Twisting the whole thing around like a rubix cube, he was delighted to find that the previously immobile piece suddenly slotted to the side, freeing up several more segments for him to move around.

He was only slightly disappointed with the puzzle, truth be told. He'd never really found a puzzle box he'd not conquered before in the past, he went through a puzzle box phase at around age nine and solved every one he was given, but this one certainly wasn't the hardest he'd ever worked with.

Well, he'd solve every puzzle box he was given assuming he could finish it before Kacchan or another one of his bullies snatched it from his grasp and school and smashed it, of course. It was pretty funny when Yubi tried to solve one of them and only succeeded in tying his elongated fingers into an uncomfortable knot, though.

What was there to move now, though? He couldn't seem to… Ah-ha! There, on the underside of the box, a barely visible joint existed, connecting two heads of a dragon together. Izuku separated them with his thumbs and was satisfied to hear another click, and he once more rotated half the box around like a rubix cube.

There was still one unsolved piece though. The box was finally back in the correct position, he could clearly see where the 'lid' was that he'd have to open to claim his prize, but what was keeping it shut?

Well, if his mom taught him anything in life, it's that when something's not working, you applied good ole' percussive maintenance to it. Printers, cars, small children, nothing couldn't be fixed with a good whack or two!

Izuku threw the box on the ground.

With a final click, the box snapped open upon making contact with the concrete, sending it's contents tumbling out onto the roof. A decorative mask, it seemed, and not the instructions that he'd been hoping for.

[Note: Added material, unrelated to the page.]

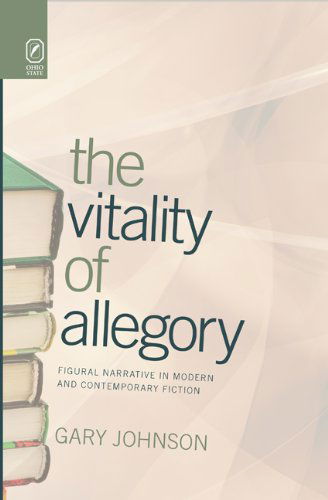 Cover for Gary Johnson · The Vitality of Allegory: Figural Narrative in Modern and Contemporary Fiction (Theory Interpretation Narrativ) (Hardcover Book) (2012)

Still he was upset that the mask went tumbling. Izuku prided himself on taking care of his toys, and he'd always cringe whenever he dropped his phone by accident. He simply didn't like damaging things.

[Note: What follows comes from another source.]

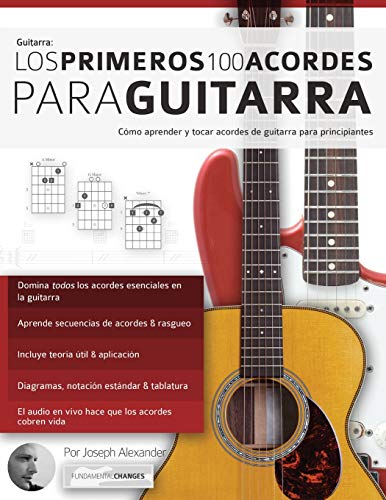 Los primeros 100 acordes para guitarra: Cómo aprender y tocar acordes de guitarra para principiantes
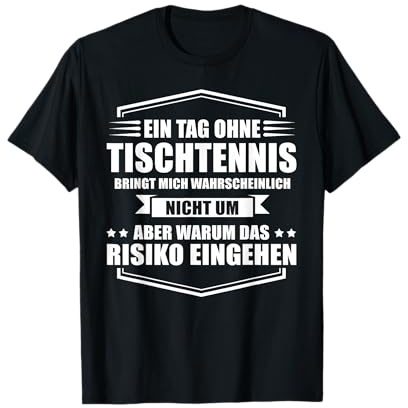 Ein Tag ohne Tischtennis - Lustiges Tischtennisspieler T-Shirt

"Argh, sorry, sorry. My bad…" he mumbled to no one in particular, rushing over to the mask and picking it up off the ground before brushing a few flecks of dirt off it's porcelain surface. To his relief, there were no scratch marks present.

It was circular in shape, with a thick red triangle on the forehead, and a white stripe underneath that. There was a black blob with two yellow eyes in the center, the same red spirals present on the goggles atop his forehead drawn there as well. There was a smaller red prism positioned between them in what he assumed to be a facsimile of a nose, and the rest of the mask underneath that was white.

"Well, kinda disappointing that there weren't any instructions in the box, but hey. When's life been nice to me, eh? Guess I'll just have to figure out the monkey stick on my own." he grumbled, only to startle out of his skin when he heard an otherworldly groan emanate from the mask.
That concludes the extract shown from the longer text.